What we can glean from current developments
Reticulate simplifies the use of Python within R using simple scripts, RMarkdown/Quarto documents, or packages. By enabling importation of Python packages and their functions within an R environment, Reticulate reduces the need for context-switching and excessive data exports between the two languages. This implies an increasing convergence in data science languages and tools, with data scientists being able to choose which tool best serves their needs irrespective of the programming language.
Long-term implications and future possibilities
Although the highlighted simplicity suggests promising prospects, there are potential future challenges that should be contemplated. For instance, mastering both Python and R to take advantage of the complementarity might be overwhelming for budding data scientists. There might also be integration complications as conflicts may arise due to the languages’ discrepancies. Nonetheless, the overarching implications are vast and exciting in the long term. Data Science might evolve into a more inclusive discipline, indifferent to a data scientist’s language of preference. The resultant flexibility could trigger more creativity and innovation, thereby transforming solution-building by making it more comprehensive and versatile.
Actionable Advice
For Educators:
- Encourage students to learn and appreciate both Python and R by highlighting the unique strengths of each and potentially complement these strengths using Reticulate.

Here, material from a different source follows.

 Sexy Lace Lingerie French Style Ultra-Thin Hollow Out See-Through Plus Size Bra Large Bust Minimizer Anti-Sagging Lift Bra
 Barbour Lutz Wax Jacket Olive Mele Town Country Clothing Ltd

- Adjust the syllabus to cover fundamentals of both languages and dive deeper into each based on the topic or task at hand.
For Practitioners and Industry Professionals:
- Take advantage of the Reticulate package to leverage Python’s extensive libraries and R’s intuitive data handling and visualization capabilities.

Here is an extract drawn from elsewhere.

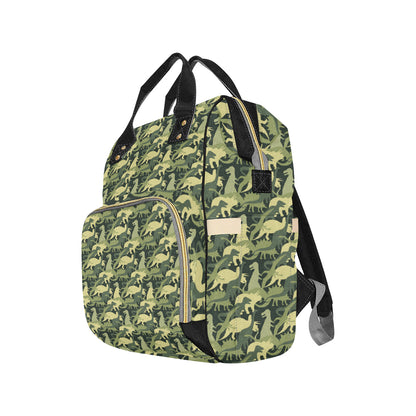 Camouflage Dinosaur Pattern Print Design 03 Diaper Bag Backpack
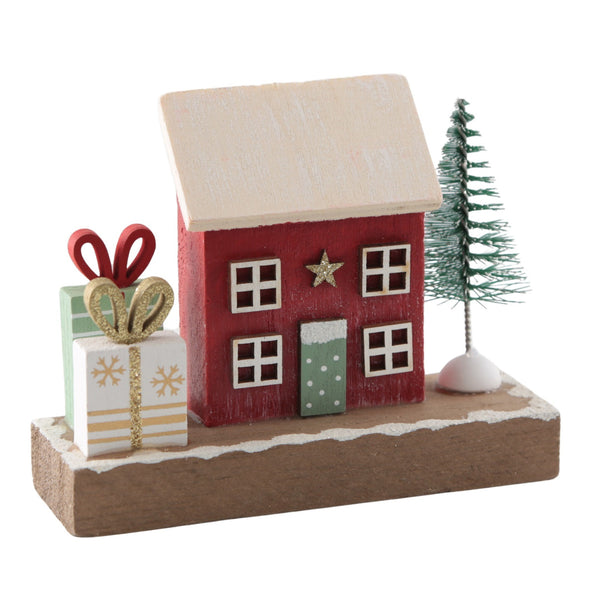 Logbuch-Verlag Deko-Aufsteller Haus Weihnachten, kleines Holzhaus mit Baum & Geschenken, Weihnachtsdeko zum Hinstellen, Landhausstil, 11x9 cm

- Be open to learning aspects of the “other” language to expand your capabilities and enhance your versatility as a data professional.
For the Data Science Community:
- Promote more discussions on sharing best practices, winning combinations and synergy between the two languages.

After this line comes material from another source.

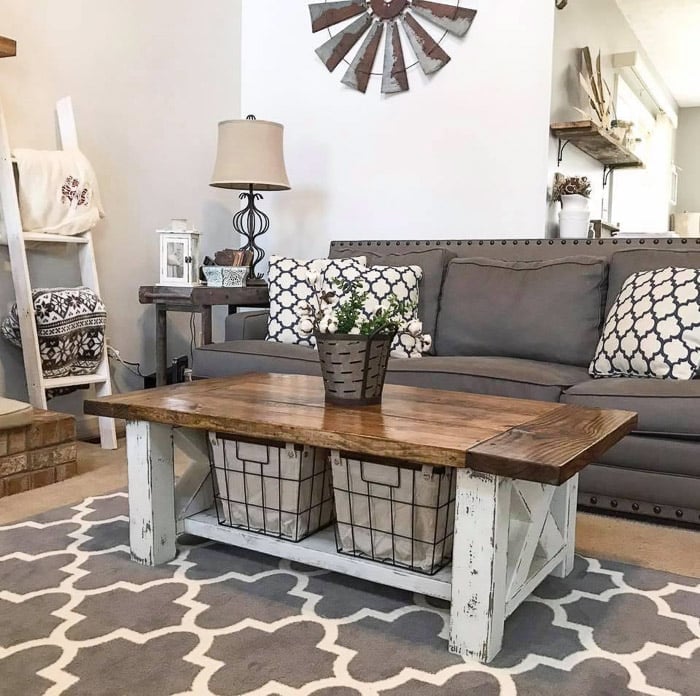 Chunky coffee table with X-leg | easy woodworking idea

- Working closely with the Reticulate development team to iron out potential hiccups and integrating this tool more deeply within the data science workflow.
Conclusion
With the ability to harness the power of R’s robust data manipulation and visualization along with Python’s extensive user base and vast library selection, the Reticulate package substantially expands the horizons of what can be accomplished within a single environment. Though it’s a significant step in data science evolution, collective efforts towards improvement and wider adaptation are crucial to fully realize its vast potential.